Der Bahnhof ist menschenleer, nur eine Frau steigt aus dem Zug und steigt die Treppe hinunter in die Unterführung. Zwei Männer stehen an der Wand und bemerken die Passantin. «Ganz alleine unterwegs?», rufen sie ihr zu und sie bleibt stehen. Schnitt. Das Video zeigt dieselbe Situation noch einmal, nur wird bei dieser Version die Frau von zwei schwarz gekleideten Männern begleitet. Kaum passiert die Gruppe die anderen beiden in der Unterführung, verstummen diese und grüssen die Frau und ihre «Bodyguards» kopfnickend.
Das Video stammt von der Axa-Versicherung und wird derzeit vielen Usern auf Facebook und Instagram als bezahlter Beitrag angezeigt. Es wirbt für ihre kostenlose App «WayGuard», die mithilfe von Standort-Tracking, Chats und Notfallknopf-Funktion «Frauen sicher nach Hause begleiten» soll.
Tatsächlich tauchen aber im echten Leben keine Bodyguards auf, die Begleitung bleibt virtuell. Startet man die Begleitungs-Funktion, wird das GPS-Signal an eine Zentrale freigegeben. Zusätzlich kann man den Standort mit Freunden oder Familienmitgliedern teilen. Fühlt sich der Nutzer unsicher, kann dieser mit einem Mitarbeitenden des «WayGuard»-Teams telefonieren oder chatten, bis sie oder er am Ziel angekommen ist.
Seit der Lancierung Ende November haben sich gemäss Axa 11'800 Leute registriert, was die Erwartungen «deutlich» übertroffen habe. 70 Prozent der User sind Frauen. Insgesamt hätten sich 11'043 Mal Personen durch die App begleiten lassen und 46 bei der Notrufzentrale angerufen. «Das waren aber eher Testanrufe – die Personen wollten ausprobieren, ob die App auch tatsächlich funktioniert», sagt Moska Miakhel vom Innovationsteam der Axa-Versicherung.
Wer den Notruf tätigt, wird mit einer Leitstelle mit geschultem Personal verbunden. Dabei handelt es sich um die grösste private Notrufzentrale Deutschlands, wo die App ihren Sitz hat. «Diese Mitarbeiter sind speziell dafür geschult, Personen in Stresssituationen zu begleiten», sagt Miakhel.

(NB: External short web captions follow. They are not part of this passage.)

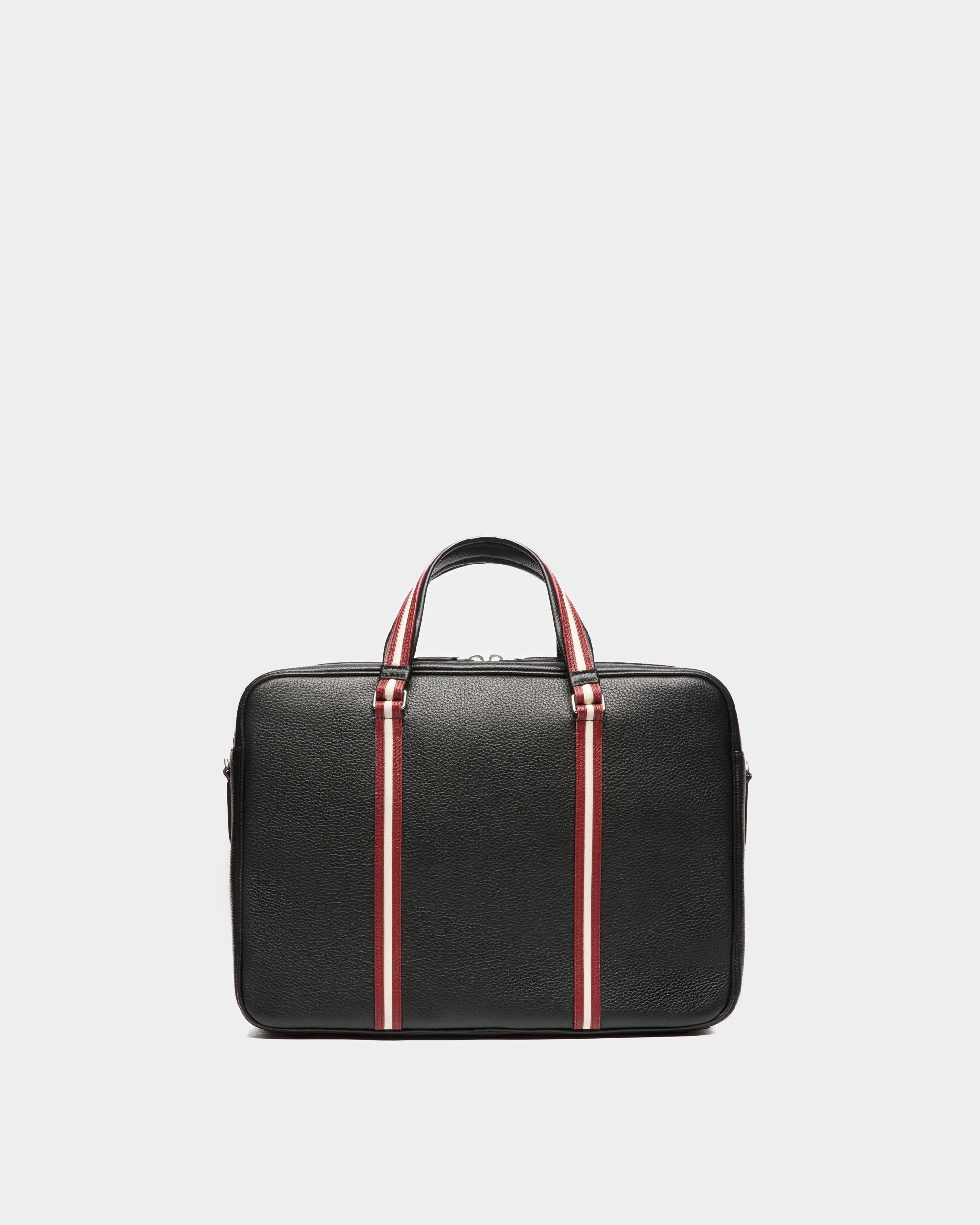 Cartella Code In Pelle Zigrinata Nera - Uomo - Bally - 02
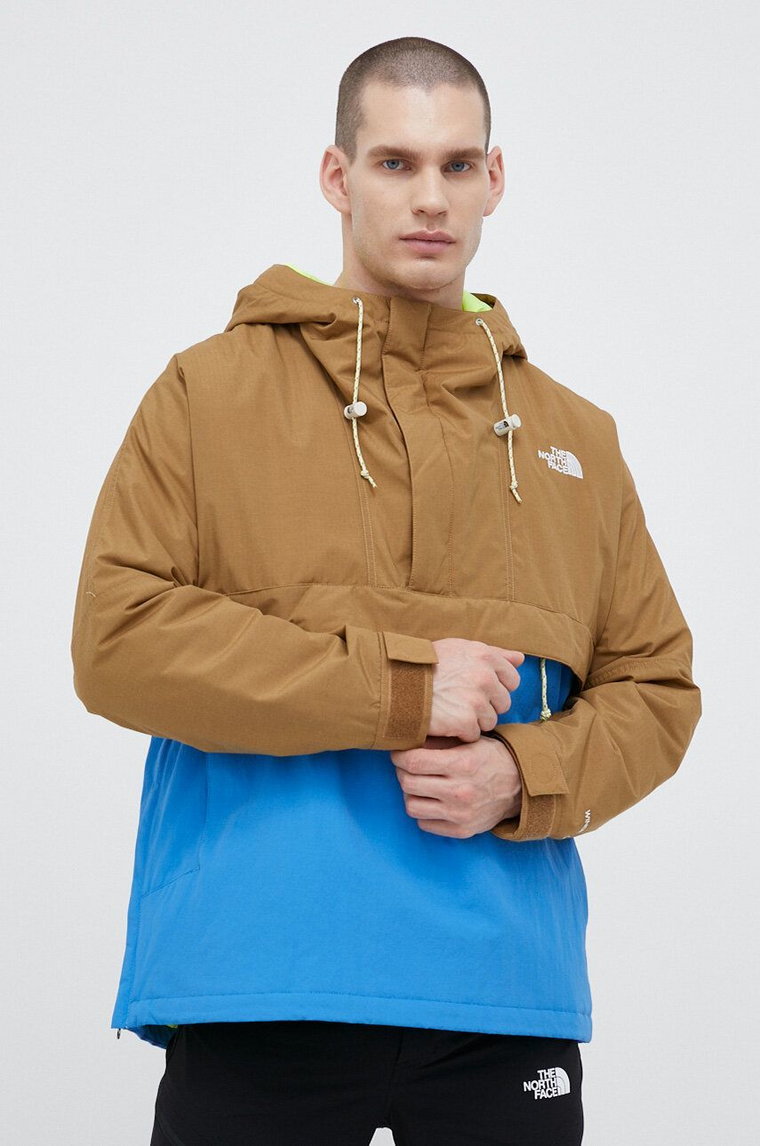 The North Face kurtka outdoorowa 78 Low-Fi Hi-Tek kolor brązowy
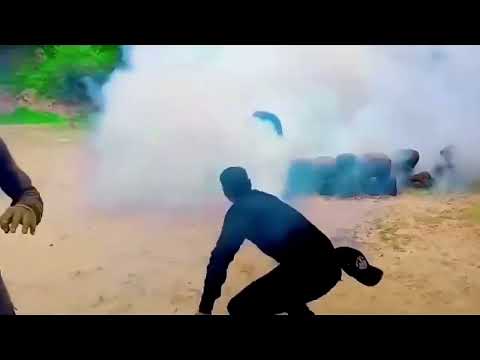NSG TRAINING,TEAR SMOKE DRILL
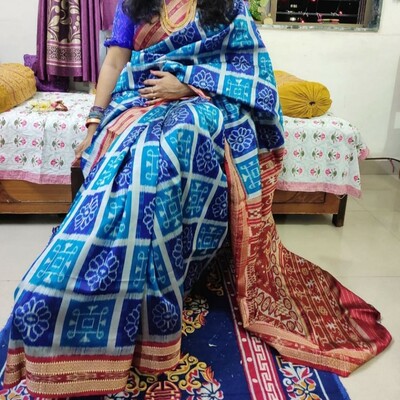 Sambalpuri silk pata  saree wedding and festival  party wear silk saree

Im Ernstfall alarmiere das «WayGuard»-Team die örtliche Polizei und bleibe so lange mit der Person am Telefon, bis die Einsatzkräfte eingetroffen seien. «In einem Notfall werden Bewegungsgdaten oder Gesprächsaufzeichnungen für 90 Tage gespeichert, um bei Bedarf die Aufklärung des Falls zu unterstützen», sagt Miakhel. Ansonsten würden die Daten nach Beendigung der Begleitung gelöscht.
Die Versicherung spricht in den Communiqués und den Werbespots ausschliesslich Frauen an. Das hat einen Grund: «In einer Umfrage bei 500 Schweizern haben 90 Prozent der weiblichen Befragten angegeben, dass ihnen manchmal mulmig zumute ist, wenn sie spätabends alleine auf dem Heimweg sind», so Miakhel weiter.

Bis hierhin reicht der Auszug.